Devin Haney and George Kambosos Jr. didn’t exactly produce 12 scintillating rounds of action, but they did deliver the viewing audience ESPN executives sought from their lightweight title unification fight.
Nielsen Media Research revealed Tuesday that their 12-round main event attracted an average audience of 1,322,000 and a peak audience of 1,351,000. Haney, who won a unanimous decision, and Kambosos boxed on Sunday afternoon at Marvel Stadium in Melbourne, Australia, but their bout aired live Saturday night in the United States.
Nielsen’s numbers include only viewers who watched Haney-Kambosos on ESPN’s English-language linear channel, not those who saw it on ESPN Deportes or ESPN+, the network’s streaming service. Viewership of Haney-Kambosos was lower but comparable to the audience that watched the Shakur Stevenson-Oscar Valdez junior lightweight championship match April 30 on ESPN.
Stevenson’s 12-round, unanimous-decision defeat of Valdez drew an average of 1,353,000 viewers and peaked at 1,440,000 viewers. Stevenson (18-0, 9 KOs), a southpaw from Newark, New Jersey, easily out-boxed Valdez (30-1, 23 KOs) to defend his WBO junior lightweight title and won the WBC super featherweight championship from Mexico’s Valdez.
Haney (28-0, 15 KOs), of Henderson, Nevada, clearly outpointed Sydney’s Kambosos (20-1, 10 KOs) as well. The 23-year-old Oakland native won 10 rounds on one scorecard (118-110) and eight rounds apiece on the other two cards (116-112, 116-112) to become boxing’s eighth fully unified champion of the four-belt era.
Haney retained his WBC 135-pound championship and won the IBF, WBA and WBO belts from Kambosos.
Neither Haney nor Kambosos had headlined a boxing telecast on ESPN before Saturday night.
Haney’s six previous fights were streamed by DAZN, which isn’t monitored by Nielsen and doesn’t release its own viewership totals. Kambosos’ upset of Teofimo Lopez (16-1, 12 KOs) in their lightweight title fight also was streamed by DAZN on November 27 from Madison Square Garden’s Hulu Theater in New York.
ESPN’s telecast of Haney-Kambosos began during the 11th round of the main event Showtime televised live Saturday night, Stephen Fulton’s terrific performance in a 12-round, unanimous-decision victory over Daniel Roman. The start of Haney-Kambosos impacted Showtime’s viewership of the final two rounds of Fulton-Roman, according to Nielsen.

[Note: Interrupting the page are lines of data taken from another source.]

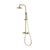 Purity Thermostatic Shower With Handshower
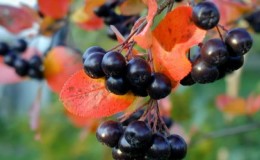 Instruções para poda de chokeberry no outono para jardineiros novatos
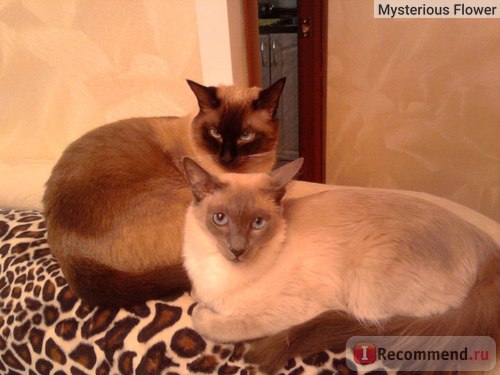 Pisica Thai - Pisica Thai -
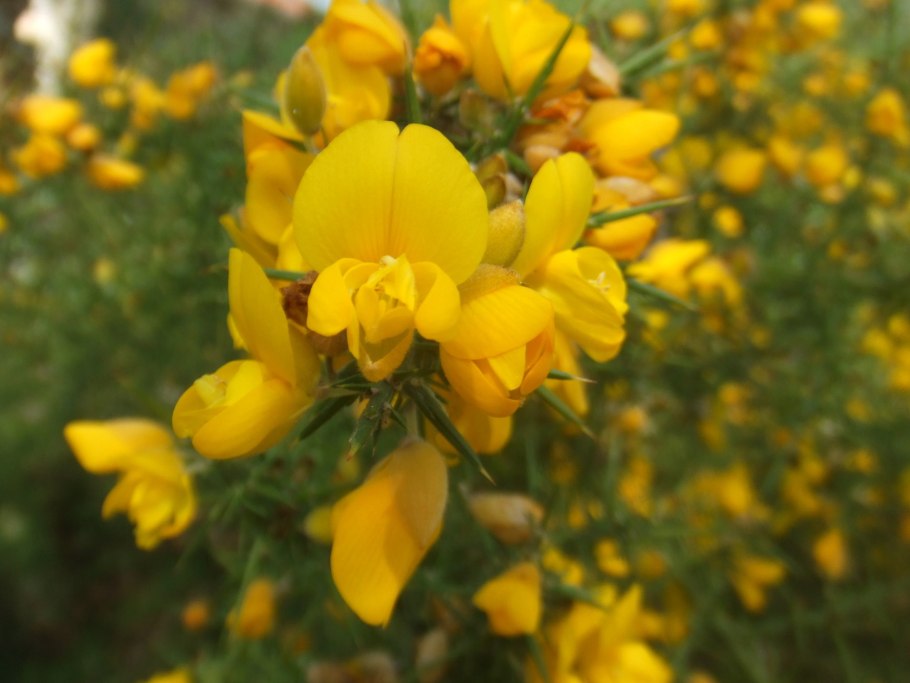 Ulex europaeus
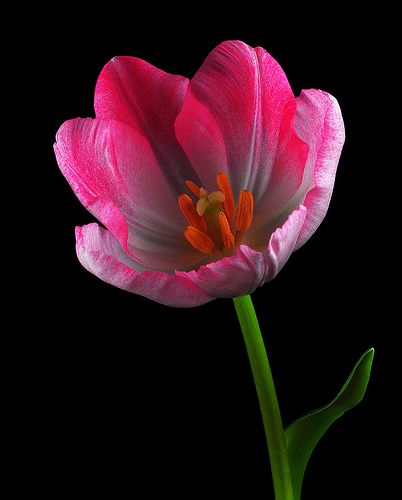 Interesting Plants, Beautiful Tulips, Tulips Flowers, Exotic Flowers, Flower Beauty, Types Of Flowers, Flowers Nature, Beautiful Blooms, Flower Photos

In all, the 122-pound championship bout between Philadelphia’s Fulton (21-0, 8 KOs), the WBC and WBO champ, and Los Angeles’ Roman (29-4-1, 10 KOs), a former IBF and WBA champ, drew an average of 199,000 viewers. Fulton-Roman, which headlined a Premier Boxing Champions card at The Armory in Minneapolis, attracted a peak audience of 251,000 in its early rounds.
Showtime – a premium cable channel owned by the same parent company, Paramount Global, as BoxingScene.com – has almost 30 million subscribers. ESPN, a basic cable network, has more than 80 million subscribers.